After Enabling TLS, the PD Node Cluster Fails to Start When Scaling Out

Note:
This topic has been translated from a Chinese forum by GPT and might contain errors.

Original topic: 开启TLS后再扩容PD节点集群起不来

| username: starCrush

[TiDB Usage Environment] Production Environment / Testing
[TiDB Version] v5.4.2
[Reproduction Path] Operations performed that led to the issue
[Encountered Issue: Issue Phenomenon and Impact]
Operations:

  1. Scale down PD to one node
  2. Enable TLS: tiup cluster tls tidb-test enable
  3. Scale up PD

After scaling up, it indicated that the PD nodes could not start, and all three PDs were in the DOWN state.
[Resource Configuration]
[Attachments: Screenshots/Logs/Monitoring]
Error node logs (newly scaled):
pd_stderr.log


pd.log

Original PD leader node:

| username: Lucien-卢西恩 | Original post link

Is TLS enabled during the cluster deployment phase, or has TLS been enabled for some time? Are TiKV nodes experiencing similar issues?
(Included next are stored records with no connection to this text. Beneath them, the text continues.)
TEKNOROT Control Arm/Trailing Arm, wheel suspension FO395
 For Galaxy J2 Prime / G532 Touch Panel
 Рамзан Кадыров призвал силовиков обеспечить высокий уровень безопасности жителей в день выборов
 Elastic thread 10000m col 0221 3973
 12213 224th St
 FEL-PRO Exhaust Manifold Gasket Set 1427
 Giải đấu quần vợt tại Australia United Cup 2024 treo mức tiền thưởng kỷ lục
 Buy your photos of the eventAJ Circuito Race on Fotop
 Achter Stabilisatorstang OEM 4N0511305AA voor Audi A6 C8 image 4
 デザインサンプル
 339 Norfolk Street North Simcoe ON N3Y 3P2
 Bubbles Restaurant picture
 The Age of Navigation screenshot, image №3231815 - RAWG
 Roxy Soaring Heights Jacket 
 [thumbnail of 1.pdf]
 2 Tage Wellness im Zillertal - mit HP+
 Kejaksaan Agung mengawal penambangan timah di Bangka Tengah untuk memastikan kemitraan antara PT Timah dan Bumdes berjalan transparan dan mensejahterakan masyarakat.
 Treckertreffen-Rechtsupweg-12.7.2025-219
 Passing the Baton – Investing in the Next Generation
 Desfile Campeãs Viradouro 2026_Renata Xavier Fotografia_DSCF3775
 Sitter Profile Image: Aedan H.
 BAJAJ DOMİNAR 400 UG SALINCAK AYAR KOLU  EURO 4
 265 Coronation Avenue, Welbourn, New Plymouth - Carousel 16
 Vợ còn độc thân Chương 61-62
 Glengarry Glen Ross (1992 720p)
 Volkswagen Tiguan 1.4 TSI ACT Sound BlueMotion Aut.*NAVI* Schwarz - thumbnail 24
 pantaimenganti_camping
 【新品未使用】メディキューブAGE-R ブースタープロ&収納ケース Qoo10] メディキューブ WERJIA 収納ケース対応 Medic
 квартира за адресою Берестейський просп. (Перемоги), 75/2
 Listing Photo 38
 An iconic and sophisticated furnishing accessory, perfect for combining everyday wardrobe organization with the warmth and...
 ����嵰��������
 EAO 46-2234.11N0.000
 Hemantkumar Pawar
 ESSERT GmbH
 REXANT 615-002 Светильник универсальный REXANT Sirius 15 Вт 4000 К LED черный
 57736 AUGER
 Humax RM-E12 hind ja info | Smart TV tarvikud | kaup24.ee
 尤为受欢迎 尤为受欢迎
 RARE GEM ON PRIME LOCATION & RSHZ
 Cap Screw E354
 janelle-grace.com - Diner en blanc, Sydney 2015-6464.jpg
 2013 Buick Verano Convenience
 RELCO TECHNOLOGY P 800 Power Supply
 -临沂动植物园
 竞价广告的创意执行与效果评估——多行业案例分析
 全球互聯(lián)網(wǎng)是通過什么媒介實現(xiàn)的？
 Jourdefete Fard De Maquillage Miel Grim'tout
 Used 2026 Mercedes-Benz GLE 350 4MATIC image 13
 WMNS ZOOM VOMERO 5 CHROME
| username: starCrush | Original post link

After using it for a while, I tried to enable it because the ETCD port was not authenticated. After enabling it, I also expanded TIKV and did not encounter any issues with the expansion.

| username: starCrush | Original post link

A new cluster was deployed, PD was scaled down, TLS was enabled, and then PD was scaled up again, but it still won’t start.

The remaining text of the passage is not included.